Talk:Password manager

Page contents not supported in other languages.
From Wikipedia, the free encyclopedia

comment[edit]

The purpose for starting this article is to seperate password managers from password generators and form fillers, which are often confused as one in the same software. The fact is that these are different software and may exist on their own without having the other two functionalities. Some software like Roboform has all three. — Preceding unsigned comment added by ProfessorBaltasar (talkcontribs) 16:12, 11 April 2006 (UTC)[reply]

Comparison[edit]

We need a page comparing password managers password generators and form fillers. Mathiastck 23:05, 7 January 2007 (UTC)[reply]

Might be useful to mention USB-based password management products (IronKey www.ironkey.com, ID Guard www.identityguard.com/#slide6) and standalone password management devices (Atek Logio Secure Password Organizer www.atek.com/logio-secure-password-organizer.html and Mandylion Labs www.mandylionlabs.com).205.214.237.254 (talk) 17:59, 10 July 2009 (UTC)[reply]

Bitwarden is missing, someone should add info for this one: https://bitwarden.com/ — Preceding unsigned comment added by Eclectic99 (talkcontribs) 16:39, 29 September 2017 (UTC)[reply]

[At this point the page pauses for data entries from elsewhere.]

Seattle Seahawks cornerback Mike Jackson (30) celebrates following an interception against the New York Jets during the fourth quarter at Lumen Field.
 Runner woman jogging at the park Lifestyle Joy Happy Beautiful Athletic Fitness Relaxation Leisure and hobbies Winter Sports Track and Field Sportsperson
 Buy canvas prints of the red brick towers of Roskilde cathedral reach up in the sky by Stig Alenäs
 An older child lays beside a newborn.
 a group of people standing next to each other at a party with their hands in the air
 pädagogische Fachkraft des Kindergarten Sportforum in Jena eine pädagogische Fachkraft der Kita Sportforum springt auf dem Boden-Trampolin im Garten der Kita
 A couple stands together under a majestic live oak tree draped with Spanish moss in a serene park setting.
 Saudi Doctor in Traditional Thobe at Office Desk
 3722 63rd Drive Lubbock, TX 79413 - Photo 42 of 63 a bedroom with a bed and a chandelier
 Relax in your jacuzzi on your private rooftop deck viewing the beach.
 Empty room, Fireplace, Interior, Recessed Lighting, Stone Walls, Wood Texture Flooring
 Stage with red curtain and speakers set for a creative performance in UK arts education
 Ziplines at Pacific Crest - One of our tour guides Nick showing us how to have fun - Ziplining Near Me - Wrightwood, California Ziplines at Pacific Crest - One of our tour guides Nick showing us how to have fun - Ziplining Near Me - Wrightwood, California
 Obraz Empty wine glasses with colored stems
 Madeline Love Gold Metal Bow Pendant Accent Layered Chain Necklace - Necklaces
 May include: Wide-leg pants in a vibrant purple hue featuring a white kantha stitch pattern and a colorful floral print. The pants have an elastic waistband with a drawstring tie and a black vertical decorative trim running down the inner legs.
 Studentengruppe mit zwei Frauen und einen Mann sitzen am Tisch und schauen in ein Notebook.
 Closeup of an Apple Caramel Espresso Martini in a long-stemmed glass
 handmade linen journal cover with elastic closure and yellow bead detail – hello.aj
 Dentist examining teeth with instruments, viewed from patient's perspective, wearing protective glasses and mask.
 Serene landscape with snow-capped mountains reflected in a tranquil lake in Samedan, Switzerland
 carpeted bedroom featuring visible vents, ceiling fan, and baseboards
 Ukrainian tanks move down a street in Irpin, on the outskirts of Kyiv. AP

e–Business translation[edit]

This is a new term to mean the facilitation of the transformation of an existing business or business idea to the Internet. It involves the use of business systems analysis and other software and tools to map the business structure to the Internet. —Preceding unsigned comment added by Raphaelval7 (talkcontribs) 10:38, 8 March 2010 (UTC)[reply]

Clarification?[edit]

Article says:

"Some password managers include a password generator. Generated passwords may be guessable if the password
manager uses a weak random number generator instead of a cryptographically secure one."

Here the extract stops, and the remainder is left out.